The Finance Ministry announced Thursday that it has agreed with the US Treasury Department on the outlines of a deal to implement provisions of the the Foreign Account Tax Compliance Act, which will require Israeli financial institutions to report American citizens who hold accounts in Israel, including dual citizens.

Frida Israeli, the director of Israel’s State Revenue Department, who led the negotiations, said that the agreement has the effect of a signed final deal.

While the complete terms of the agreement will not be published until after the official signing, the Finance Ministry disclosed in a release that as part of the deal Israeli financial institutions must sign an agreement committing to check for relevant accounts and report the information to the US once a year, along with information on account holders who refuse to comply and the value of their accounts.

“The agreements reached with the US Treasury Department will make it easier for the financial institutions required to do so to report information on the accounts of American citizens in Israel.” Israeli added. “In addition, it will also avoid the imposition of sanctions on financial institutions that were unable to comply with FATCA, without agreements with the Finance Ministry.”

Director of State Revenue Department Frida Israeli (photo credit: Ministry of Finance)

Director of State Revenue Department Frida Israeli (photo credit: Ministry of Finance)

In cases of institutions that fail to comply with the new regulations, the US Treasury Department will withhold 30 percent of any financial transfer originating in the US.

The agreement also applies to US Green Card holders and residents, as well as legal entities in which American citizens have substantial holdings.

However, the terms of the agreement also grant some exemptions, such as reporting accounts that have a low risk of being used for tax evasion.

For financial institutions around the world that have reached an agreement with the US — 28 so far — FATCA reporting requirements officially kick in on July 1 of this year, and the Bank of Israel handed down a directive to Israeli banks to make preparations to ensure that the reporting goes smoothly, including ceasing to serve account holders who refuse to sign documents allowing the bank to report their income to the IRS.

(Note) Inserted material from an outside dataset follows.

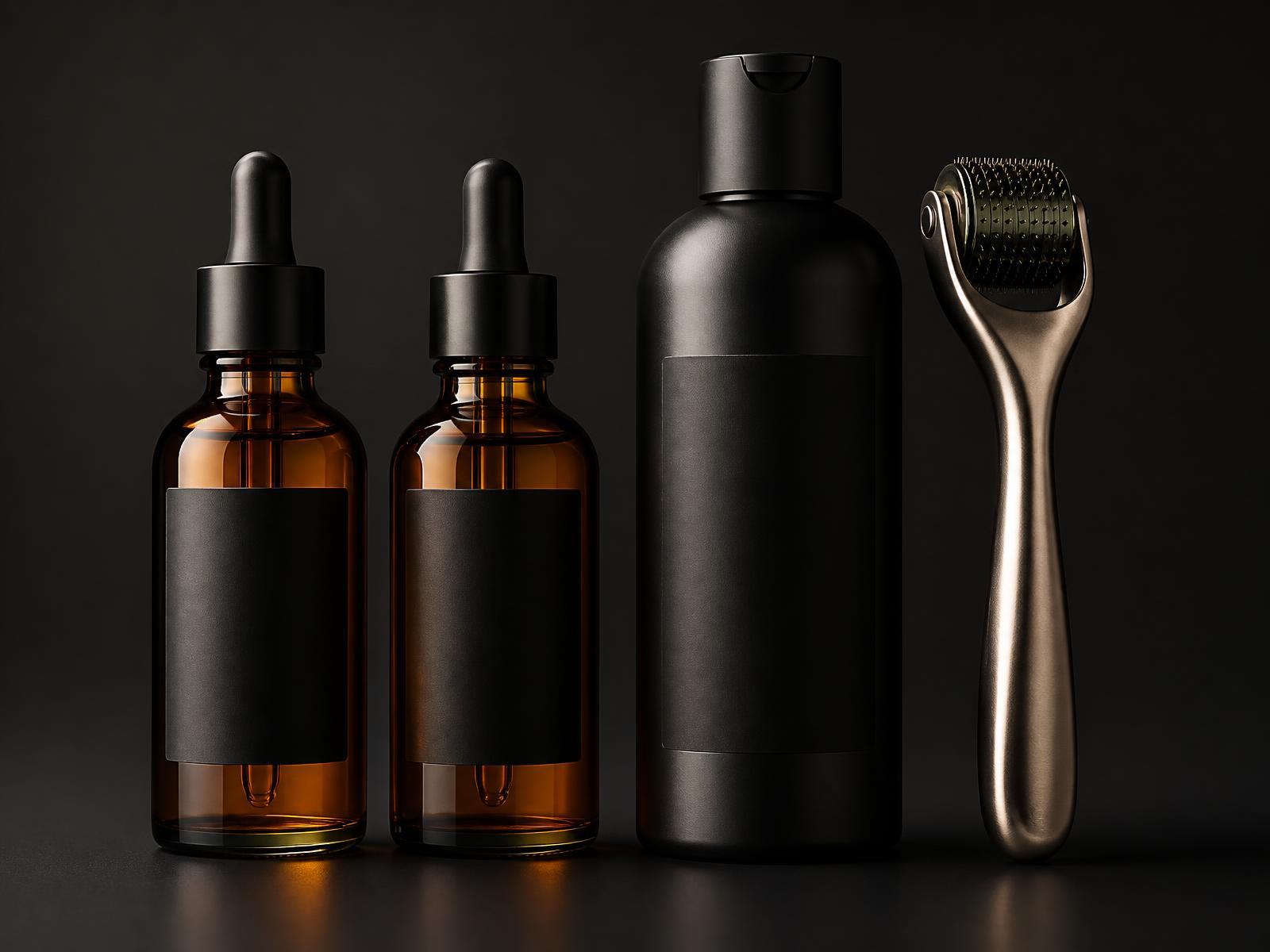 KARALAM™ 30-day starter kit: THE STRONGHOLD Morning Barrier Serum, THE RECLAIMER Advanced Hairline Recovery Super Serum, THE SENTINEL Saffron & Rosemary DHT Defense Shampoo and Titanium Needled Derma Roller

The agreement is of particular concern to dual citizenship holders who have either failed to file tax returns or have not reported their income tax correctly. IRS audits have been on the rise in recent years, and with information from the banks at their disposal, IRS agents will have a much easier time catching such people.

The stricter regulations have prompted a growing number of US citizens around the world, including in Israel, to renounce their citizenship.